Exercise description —
Please keep pictures out of the copy, and print exactly the lines from the one containing "Audi A6, 2000" through the end of the records.

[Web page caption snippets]
=======
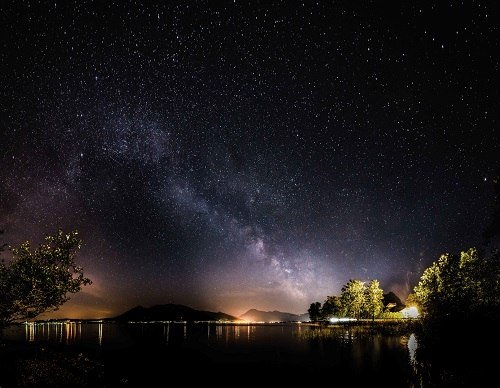 nacht-und-sterne-der-tegernsee_peter-prestel_0001, © © Der Tegernsee_Peter Prestel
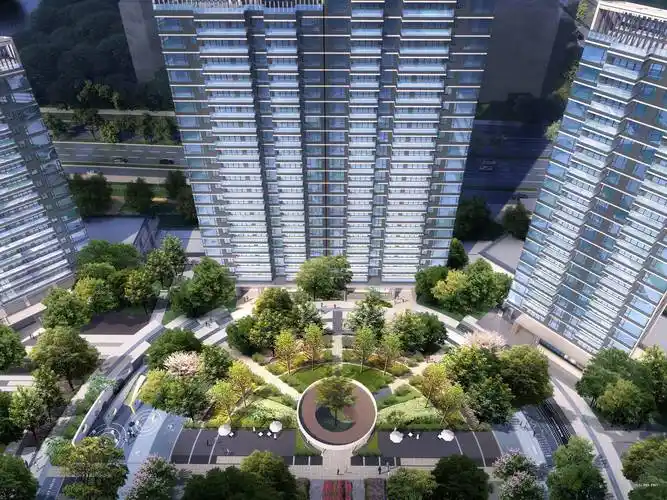 新品入市五象核心再现豪宅万科瑧系产品来了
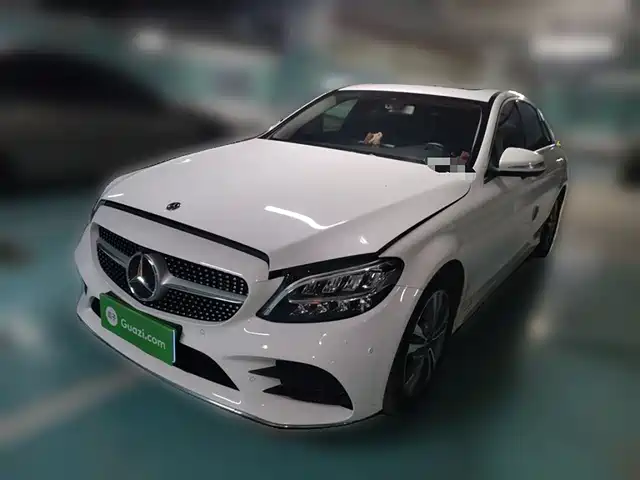 MERCEDES-BENZ  C CLASS 2020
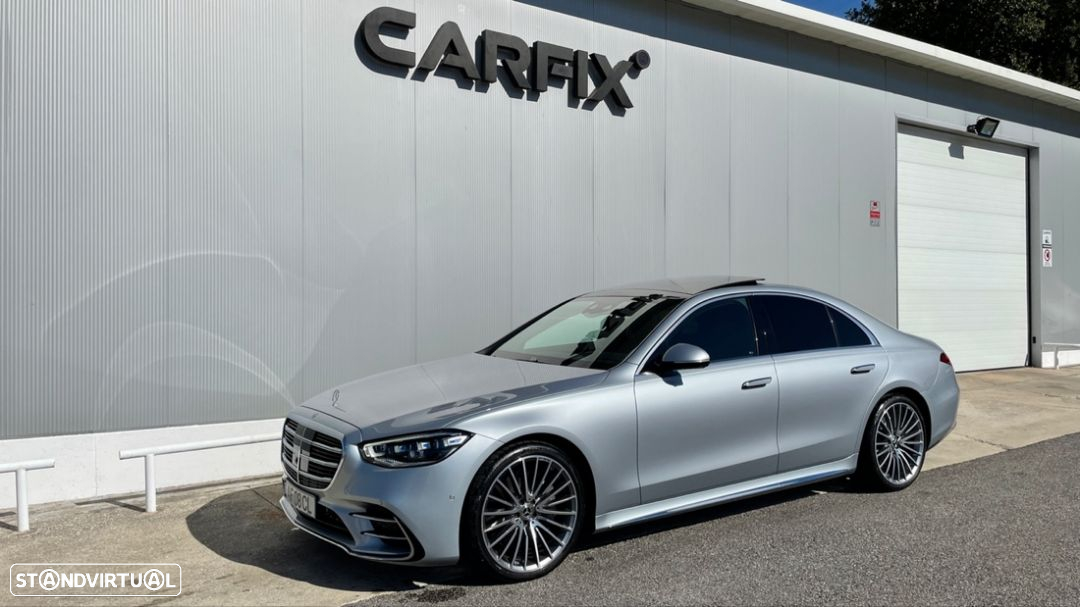 Mercedes-Benz S 400 d 4Matic - 7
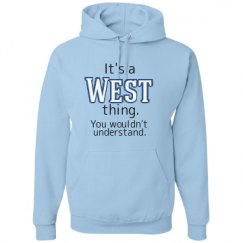 Unisex Basic Promo Hoodie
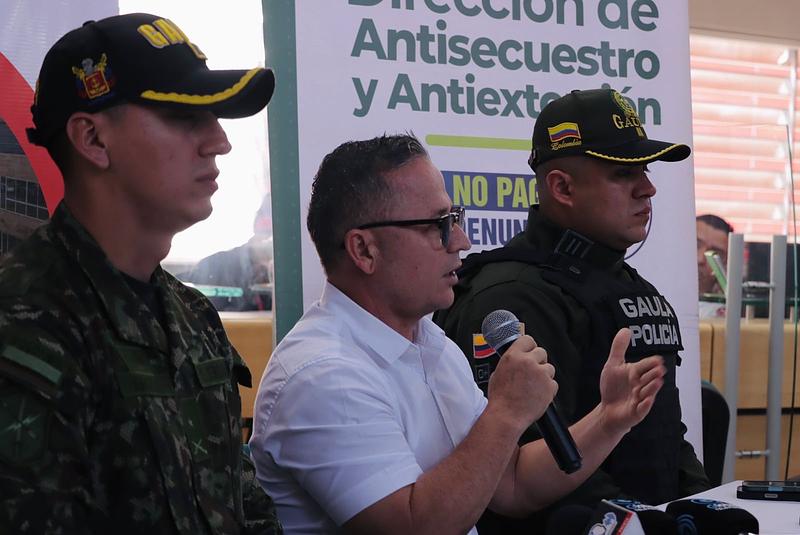 Cámara de Comercio refuerza acciones contra la extorsión en Villavicencio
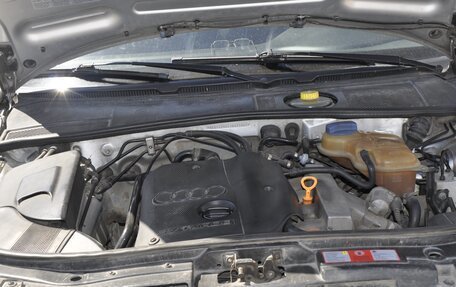Audi A6, 2000 год, 550 000 рублей, 9 фотография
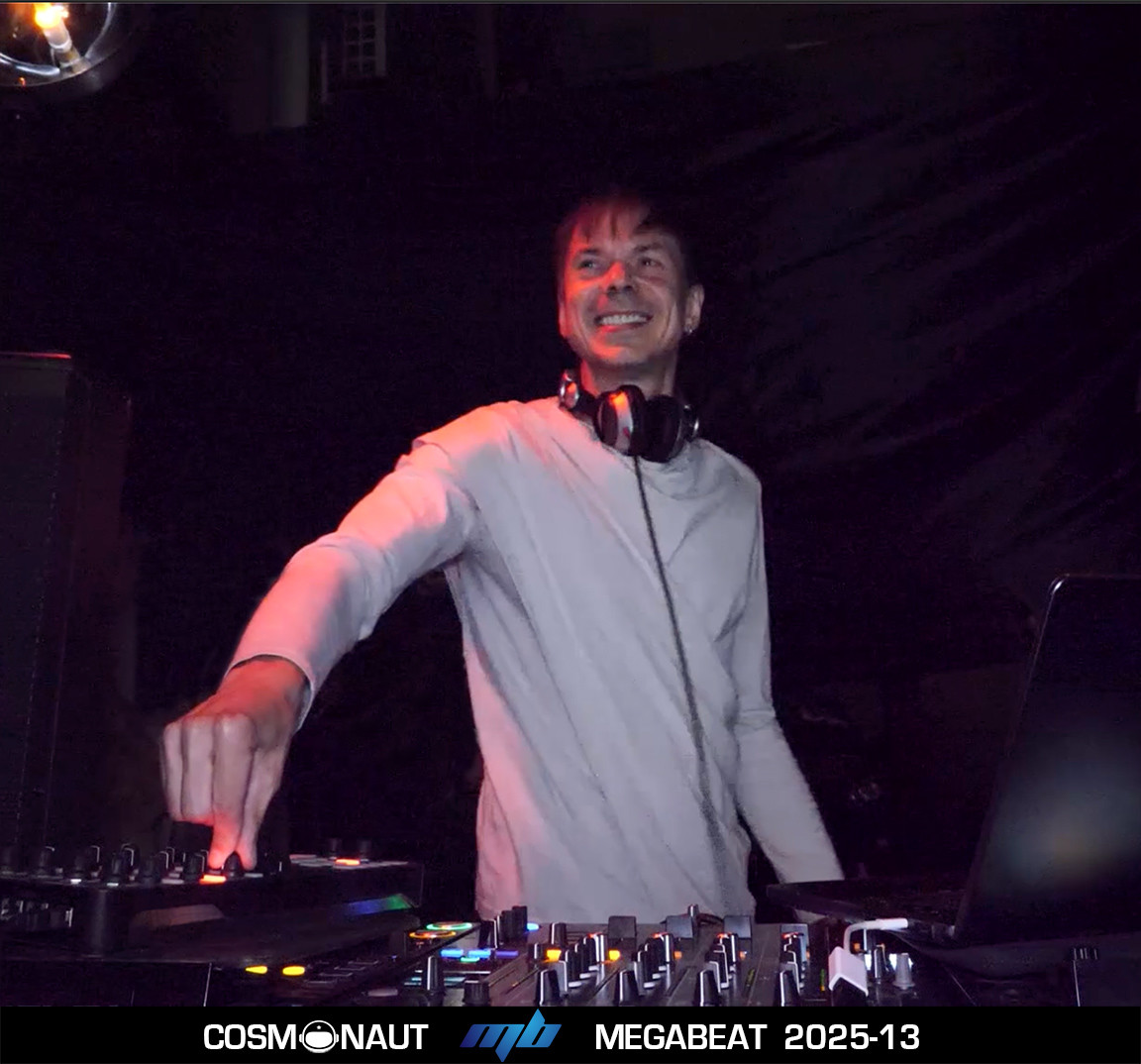 Cosmonaut - MegaBeat 2025-13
=======
Answer for the task —
Audi A6, 2000 год, 550 000 рублей, 9 фотография
 Cosmonaut - MegaBeat 2025-13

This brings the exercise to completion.